Cette disposition permet ainsi d’utiliser une preuve irrégulière lorsque la forme transgressée n’est pas prescrite à peine de nullité, lorsque l’irrégularité n’atteint pas la fiabilité de la preuve et lorsque celle-ci peut être utilisée sans que le procès en devienne inéquitable.
3. Entre-temps, la Cour européenne des droits de l’homme a aussi validé ces critères d’admission de la preuve irrégulière (Cour eur. des droits de l’homme, Lee Davies c. Belgique, 28 juillet 2009 ; Kalnéniené c. Belgique, 31 janvier 2017, Revue de Jurisprudence de Liège, Mons et Bruxelles (J.L.M.B.), 2017, p. 477) : d’après la propre jurisprudence de la Cour européenne, un procès peut être équitable même si la culpabilité de l’accusé est établie au moyen d’éléments de preuve recueillis en violation d’un droit protégé par la Convention tel le droit au respect de la vie privée (Cour européenne des droits de l’homme, Khan c. Royaume-Uni, 12 mai 2000 ; P.G. et J.H. c. Royaume-Uni, 25 septembre 2001, Allan c. Royaume-Uni, 5 novembre 2002, Heglas c. République tchèque, 1er mars 2007, Bykov c. Russie (Grande Chambre), 10 mars 2009 ; Kalnéniené c. Belgique, 31 janvier 2017).
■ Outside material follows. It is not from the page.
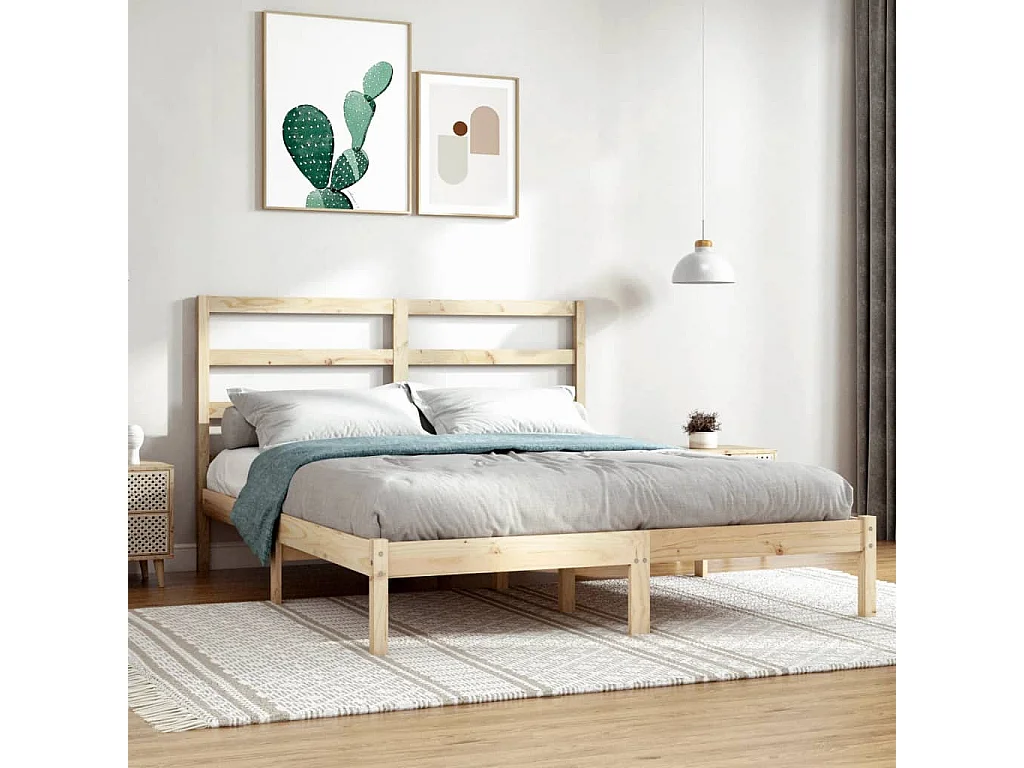 Lit double | Lit adulte | Cadre de lit 135x190 cm bois massif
4. En cas d’illégalité touchant la preuve, le juge est donc toujours amené à faire la balance entre le droit à un procès équitable et l’usage d’une preuve irrégulière.
Il y a lieu, d’une part, d’éviter que la plus petite erreur de procédure mène à l’exclusion de la preuve (les règles de procédure deviennent de plus en plus complexes) et, d’autre part, de ne pas permettre que les autorités violent impunément la loi sous le prétexte que la fin justifierait tous les moyens, même ceux illégaux.
5. En matière de protection de la vie privée et plus particulièrement de perquisitions, il y a lieu de noter que, récemment, la Cour de cassation a considéré que des irrégularités commises intentionnellement ou à la suite d’une négligence grave assimilable à une irrégularité intentionnelle, ne sont en principe pas conciliables avec la loyauté et la régularité dans l’administration de la preuve que l’on doit attendre des autorités chargées de l’enquête et de la poursuite dans un État de droit.
Elle a ainsi jugé que le juge pouvait légalement exclure, comme contraires au droit à un procès équitable, les preuves provenant d’une perquisition irrégulière lorsque l’irrégularité, bien que non intentionnelle, était inexcusable dans le chef des policiers (Cour de cassation, 4 avril 2023, RG P.22.1730.N, www.juportal.be ; Journal des Tribunaux, 2023, p. 318 ; 25 avril 2023, RG P.23.0081.N, www.juportal.be, Tijdschrift voor Strafrecht, 2023, p. 235).
C’est donc un message clair adressé aux magistrats et aux fonctionnaires de police : les violations du droit à la vie privée et à la protection du domicile commises intentionnellement ou en raison d’une négligence fort grave peuvent conduire à l’exclusion de la preuve recueillie à cette occasion.
Votre point de vue
Pierre Le 5 juillet à 17:51
Bonjour,
J’ai aussi une question un peu similaire : Le recueil d’une preuve par une personne non légalement compétente compromet-il la fiabilité de la preuve ?
Pierre
Justice-en-Ligne Le 14 juillet à 10:34
En réponse à la question de Pierre du 5 juillet 2024, nous ne pouvons que renvoyer à l’article de Damien Vandermeersch auquel elle fait suite : il résulte de l’article 32 du titre préliminaire du Code de procédure pénale qu’un élément de preuve émanant d’une autorité non compétente pour l’établir est en soi irrégulière mais elle n’entraîne la nullité de cet élément que (1°) si le respect de la règle de compétence est prescrit à peine de nullité, (2°) si l’irrégularité commise a entaché la fiabilité de la preuve ou (3°) si l’usage de la preuve est contraire au droit à un procès équitable. Ce sont ces principes qu’il convient d’appliquer si la preuve émane d’une autorité incompétente. Leur interprétation peut certes différer d’une situation à l’autre mais il est impossible pour Justice-en-ligne de toutes les analyser.